Sometimes, though, the lurking fear and darkness inside become difficult to manage. They never go totally away. And it is just primal and raw, this stuff that sometimes comes spewing out, and I can't even really write about it, as much as I want to. But of course I will try.
It is fear--fear that I am doing everything wrong, fear that Luke will turn out to be a horrible person and that it will be all my fault. It is childlike insecurity, it is a feeling that no one understands what I am going through, that everyone wonders what the hell I'm doing to my kid that makes him scream and thrash around (at age five) this day, try to steal something from my friend's house the next day, bite his little brother (at age five) still the next.
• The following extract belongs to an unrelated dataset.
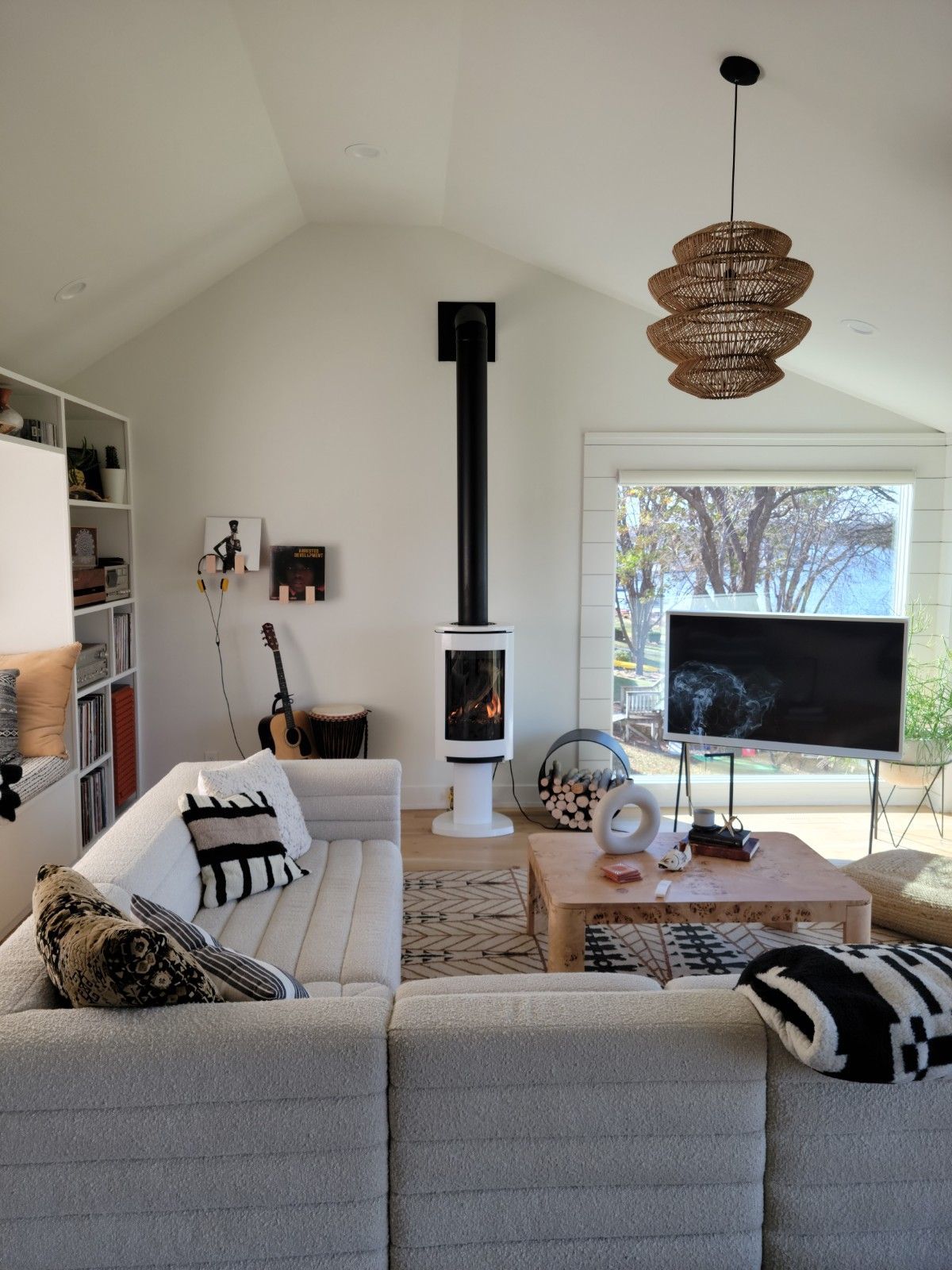 Cozy living room with white couch, fireplace, wooden coffee table, and large window overlooking a view.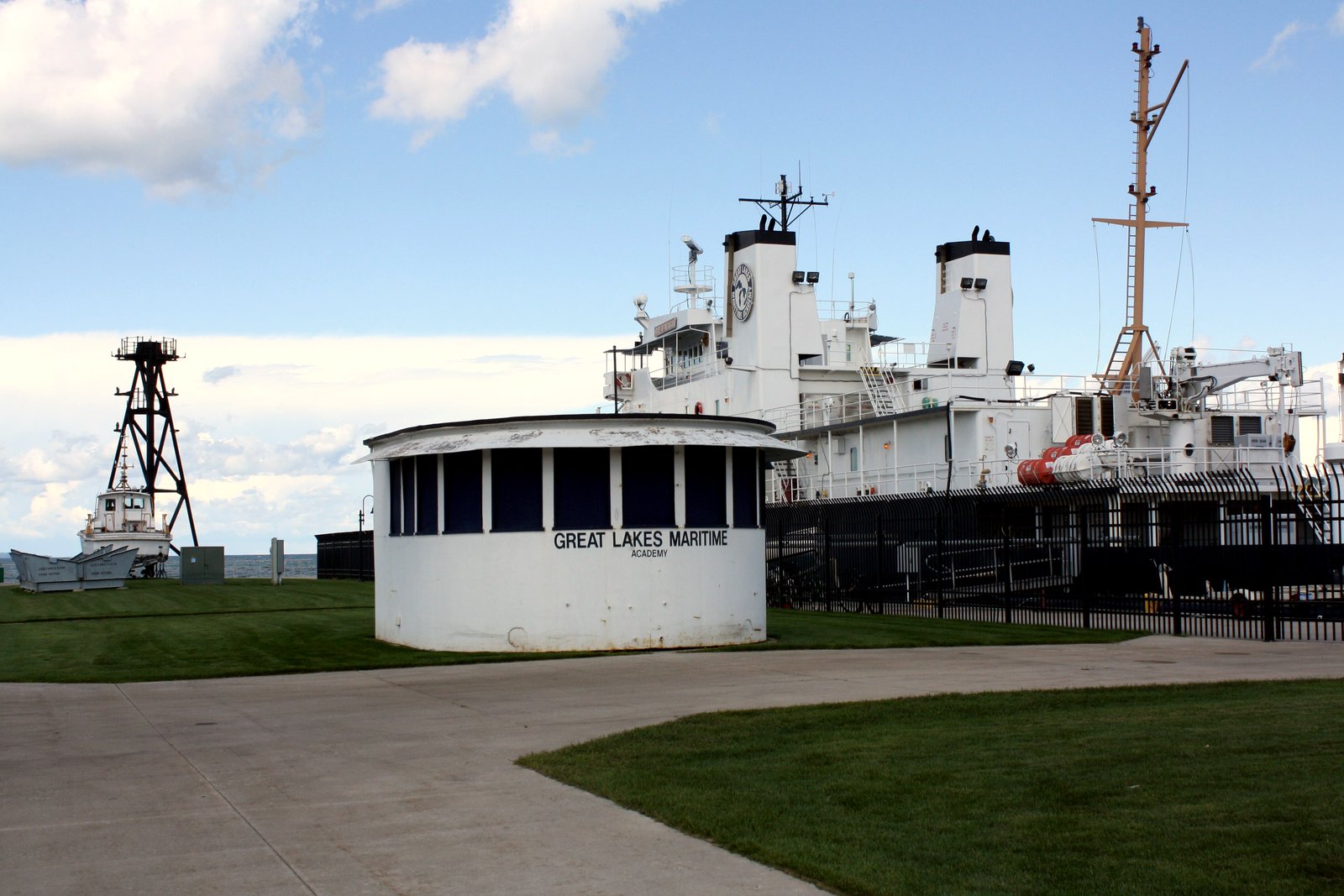 A small round white building with a lawn and walkway in front of it, and a large white ship docked behind.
It is fear that people don't know that I know. I know. I know. I know and I read and I talk to people and I think and I pursue labels or don't pursue labels and seek professional help or don't seek professional help. I've time outed and time inned and sticker charted and spanked and talked, talked, talked.
And you know, it is really tiring. It is exhausting. And I know it is life. Repetitive, ongoing, challenging. But this life with Luke is life on fast forward, life special edition, life warp speed. I know, because I have another child that shows me what an easier, slower life could look like.
I'm not saying easier and slower is what I want, necessarily. Because then I would have a different child. I would have a different life. But sometimes, just sometimes--usually when I'm tired, when I've just recieved, as I just have, the fourth phone call in a week from Luke's teacher--I wish that I could maybe just pause this life for a little bit. Slow it down.
Maybe I'm being overly dramatic because I'm frustrated and I'm tired. Or maybe not. It is simply impossible for me to tell, because I'm in it. It is what it is and usually it is okay, even fabulous and joyous and wonderful. Because dayglow life is really great sometimes.